Bully

Year
2011
Country
USA
Duration
99'’
Director
Lee Hirsch

Over 13 million American kids will be bullied this year, making it the most common form of violence experienced by young people in the nation. The new documentary film BULLY, directed by Sundance and Emmy-award winning filmmaker, Lee Hirsch, brings human scale to this startling statistic, offering an intimate, unflinching look at how bullying has touched five kids and their families.

 

BULLY is a beautifully cinematic, character-driven documentary. At its heart are those with huge stakes in this issue whose stories each represent a different facet of America’s bullying crisis. Filmed over the course of the 2009/2010 school year, BULLY opens a window onto the pained and often endangered lives of bullied kids, revealing a problem that transcends geographic, racial, ethnic and economic borders.

 

It documents the responses of teachers and administrators to aggressive behaviours that defy “kids will be kids” clichés, and it captures a growing movement among parents and youths to change how bullying is handled in schools, in communities and in society as a whole.

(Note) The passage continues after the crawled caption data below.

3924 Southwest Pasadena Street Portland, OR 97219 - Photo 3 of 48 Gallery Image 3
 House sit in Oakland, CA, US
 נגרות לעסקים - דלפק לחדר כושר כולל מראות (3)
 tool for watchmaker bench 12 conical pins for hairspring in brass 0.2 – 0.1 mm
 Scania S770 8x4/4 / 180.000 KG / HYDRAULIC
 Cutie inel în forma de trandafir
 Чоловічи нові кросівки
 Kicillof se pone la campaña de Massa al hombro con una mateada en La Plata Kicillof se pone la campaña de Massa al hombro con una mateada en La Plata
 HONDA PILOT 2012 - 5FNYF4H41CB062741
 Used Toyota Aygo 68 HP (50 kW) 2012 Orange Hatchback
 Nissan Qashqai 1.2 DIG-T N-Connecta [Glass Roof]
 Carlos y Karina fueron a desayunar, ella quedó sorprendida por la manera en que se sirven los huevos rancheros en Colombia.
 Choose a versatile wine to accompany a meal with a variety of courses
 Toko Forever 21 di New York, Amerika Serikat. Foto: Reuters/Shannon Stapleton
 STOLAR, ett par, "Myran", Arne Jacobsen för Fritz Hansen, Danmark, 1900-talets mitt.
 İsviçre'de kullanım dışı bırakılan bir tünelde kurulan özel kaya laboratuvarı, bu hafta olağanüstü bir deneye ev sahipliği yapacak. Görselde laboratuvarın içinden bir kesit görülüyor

Parents play a vital role in supporting their kids, promoting upstander rather than bystander behaviour, and teaching and modelling empathy in the home.

Production
Cinereach / Where We Live Films
Sales
The Weinstein Company
Director
Lee Hirsch

Lee Hirsch (born 1972) is an American documentary filmmaker. Hirsch is a graduate of The Putney School in Vermont and Hampshire College, in Amherst, Massachusetts. He wrote and directed the documentary Amandla!: A Revolution in Four-Part Harmony. Hirsch also contributed a chapter to Sound Unbound: Sampling Digital Music and Culture (The MIT Press, 2008), edited by Paul D. Miller (DJ Spooky). His film Bully premiered at the 2011 Tribeca Film Festival.